The fact is that we still do not provide patients or doctors with the right tools, learning and support to enable them to have these conversations or to know what to do when they do not go well. A parent of an eleven-year old child with cystic fibrosis spoke movingly about this at a national conference I attended last week. She was strong in her assertion that it was not just information her family needed but the skills and help to enable them to talk with their doctor with confidence – or information plus!
She recognised that this conversation was constantly evolving over time to deal with changes in their child’s condition, the needs arising from this not to mention the fact their child’s voice was growing in prominence in this dialogue. It is not that such tools do not exist. Very often they do. The frustration is that we seem unable to put them in people’s hands.
The additional challenge we face is that this doctor/patient conversation is not as private as it once was. Many influences – the press, social media, patient groups, peer pressure to name but a few – now bear down if not actively intruding upon it. Much of this was inconceivable only ten years ago.
Nowhere is this private tension/public debate between science, medicine and the public more evidence than in the way society deals with evidence. If you have landed on these shores over the past week then I suspect you will have noticed the fervent debate that has been going on here about the risks and benefits of statins.
This tweet from BBC Radio 2’s Jeremy Vine bluntly summarises how the debate has gone thus far.
It feels that science and medicine are struggling to come to terms with how best to manage such debates. Ever-stronger statements about the supremacy of scientific evidence will no longer do – particular when it is contested. We need to be more creative in helping people understand the evidence and its relevance to them while also acknowledging the value of people’s experience in helping us improve treatment and care. People need to be able to look at both and feel they can make the right decisions for themselves with their doctor.
This medication passport – which is available online and in hard copy form – was conceived by and co-designed with patients, carers and the public in North West London. Funded by the NWL NIHR Collaboration for Applied Health Research and Care – it deals with another issue that people have with medicines. Namely keeping track of the changes in prescription and dosage and acts as a mutually shared record for patient and doctor to keep and minimise the risk of mistakes or errors. But I use it to demonstrate that, when asked, patients and carers are resourceful and creative in thinking up solutions to problems that may be baffling their professional colleagues.

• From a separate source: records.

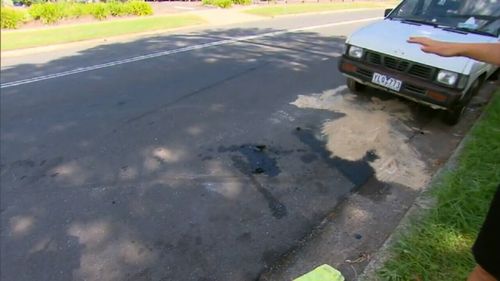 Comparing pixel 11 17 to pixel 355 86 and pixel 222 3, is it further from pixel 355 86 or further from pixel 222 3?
pixel 222 3

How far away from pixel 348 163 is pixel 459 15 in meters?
2.69

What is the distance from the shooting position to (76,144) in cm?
461

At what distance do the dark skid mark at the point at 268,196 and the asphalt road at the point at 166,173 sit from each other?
0.04ft

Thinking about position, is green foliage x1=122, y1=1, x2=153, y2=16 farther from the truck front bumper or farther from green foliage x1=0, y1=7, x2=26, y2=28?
the truck front bumper

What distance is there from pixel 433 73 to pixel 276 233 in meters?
2.70

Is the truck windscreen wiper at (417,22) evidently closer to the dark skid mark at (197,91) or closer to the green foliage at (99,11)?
the dark skid mark at (197,91)

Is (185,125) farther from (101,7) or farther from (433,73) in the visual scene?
(101,7)

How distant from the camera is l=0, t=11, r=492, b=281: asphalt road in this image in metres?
2.80

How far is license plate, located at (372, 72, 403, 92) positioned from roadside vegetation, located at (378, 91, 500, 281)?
1.07m

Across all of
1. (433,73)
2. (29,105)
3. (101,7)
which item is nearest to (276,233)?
(433,73)

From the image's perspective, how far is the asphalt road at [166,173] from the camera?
2805 millimetres

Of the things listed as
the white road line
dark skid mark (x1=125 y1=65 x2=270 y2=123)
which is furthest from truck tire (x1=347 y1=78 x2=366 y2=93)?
the white road line

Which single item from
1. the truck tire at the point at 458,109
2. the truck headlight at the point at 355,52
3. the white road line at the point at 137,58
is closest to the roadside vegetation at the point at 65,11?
the white road line at the point at 137,58

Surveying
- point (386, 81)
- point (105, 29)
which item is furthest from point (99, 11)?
point (386, 81) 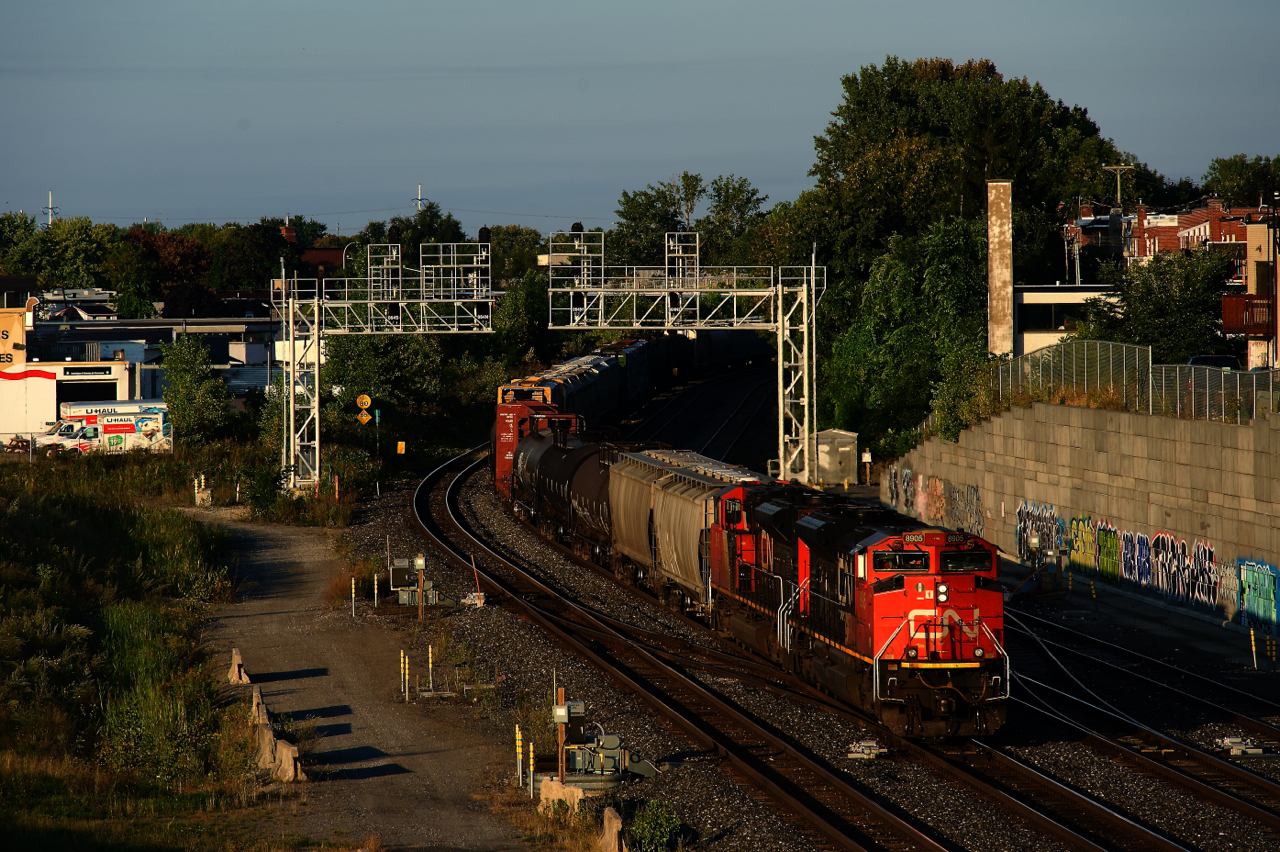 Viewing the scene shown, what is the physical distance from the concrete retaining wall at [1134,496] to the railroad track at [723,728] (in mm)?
14304

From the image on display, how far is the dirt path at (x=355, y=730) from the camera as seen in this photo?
1565cm

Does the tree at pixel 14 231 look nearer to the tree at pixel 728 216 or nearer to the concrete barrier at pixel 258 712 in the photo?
the tree at pixel 728 216

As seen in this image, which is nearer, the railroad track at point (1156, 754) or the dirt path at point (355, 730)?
the dirt path at point (355, 730)

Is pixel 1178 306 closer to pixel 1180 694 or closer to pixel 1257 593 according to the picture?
pixel 1257 593

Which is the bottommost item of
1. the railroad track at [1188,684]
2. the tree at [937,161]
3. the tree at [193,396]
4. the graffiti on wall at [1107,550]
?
the railroad track at [1188,684]

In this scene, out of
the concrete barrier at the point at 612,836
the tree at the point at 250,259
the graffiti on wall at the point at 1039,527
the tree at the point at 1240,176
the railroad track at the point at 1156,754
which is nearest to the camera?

The Academy of Medical Sciences has been asked to look at this question of how society uses evidence and I very much hope that the working group – of which I am part – can formulate a report and recommendations which will lead us on a path to this aim.
Where does this story ultimately end? What is its resolution.
Well, perhaps we should really be thinking of a series of interlinked stories rather than one long tale. That certainly seems to be the message from the narrative medicine school of thought which is receiving greater prominence these days. I certainly hope the lessons learnt in one – and you are shortly about to hear another from Sally – can be shared and passed on to the next to improve the story all the time. More importantly, I hope that I have convinced you that the patient is fundamental to how the story for medicine unfolds from this point forwards.
To finish I am tempted to twist a Ray Bradbury quote on the art of story-telling and say:
‘First, find out what your patient wants, then just follow them.’